• _What is required_
Return only the stretch of the material below that begins with the line containing "Najlepszy masaż dla oczu" and ends with the line containing "A254M05-0B6P51R-H25A60 2.54PH H2.5", exactly; both of those lines belong to it.

• _Dataset excerpts_
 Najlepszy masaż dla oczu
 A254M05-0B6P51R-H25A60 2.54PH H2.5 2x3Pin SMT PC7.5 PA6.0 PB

* * *

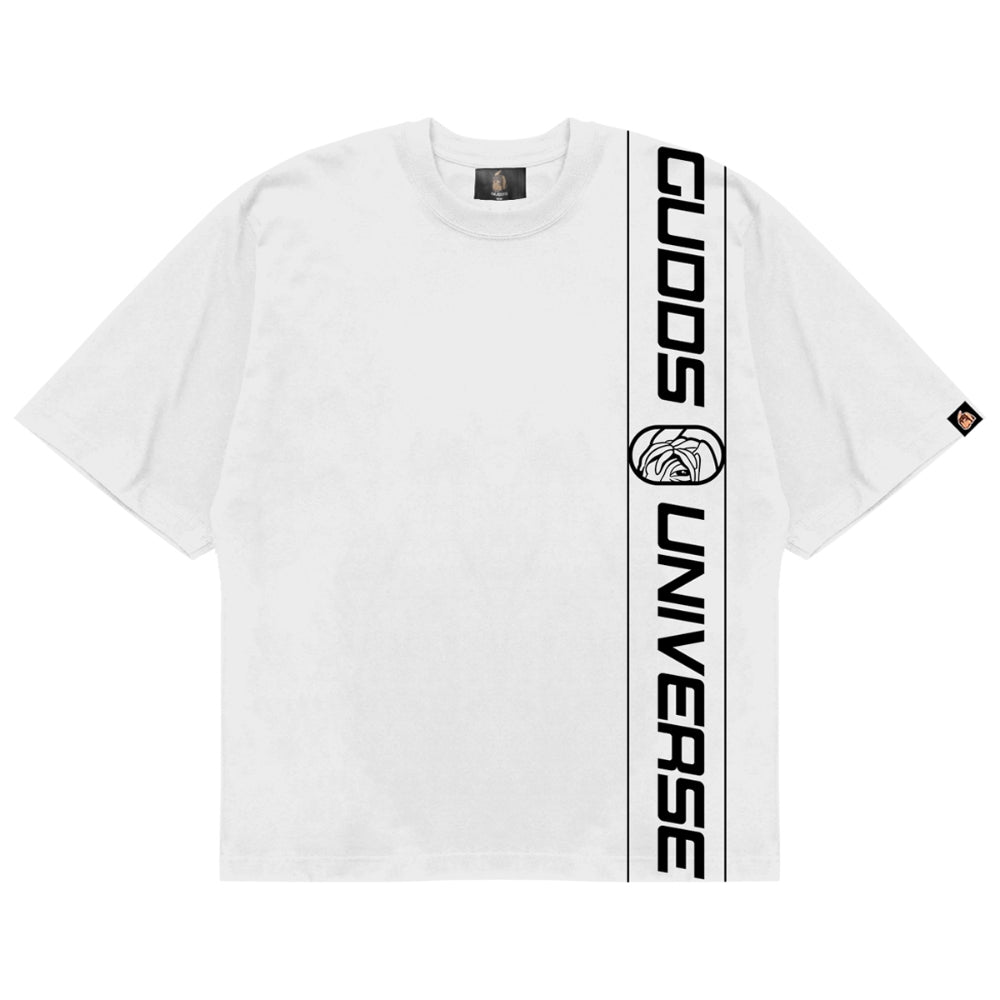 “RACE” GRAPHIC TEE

• _Result of this exercise_
 Najlepszy masaż dla oczu
 A254M05-0B6P51R-H25A60 2.54PH H2.5 2x3Pin SMT PC7.5 PA6.0 PB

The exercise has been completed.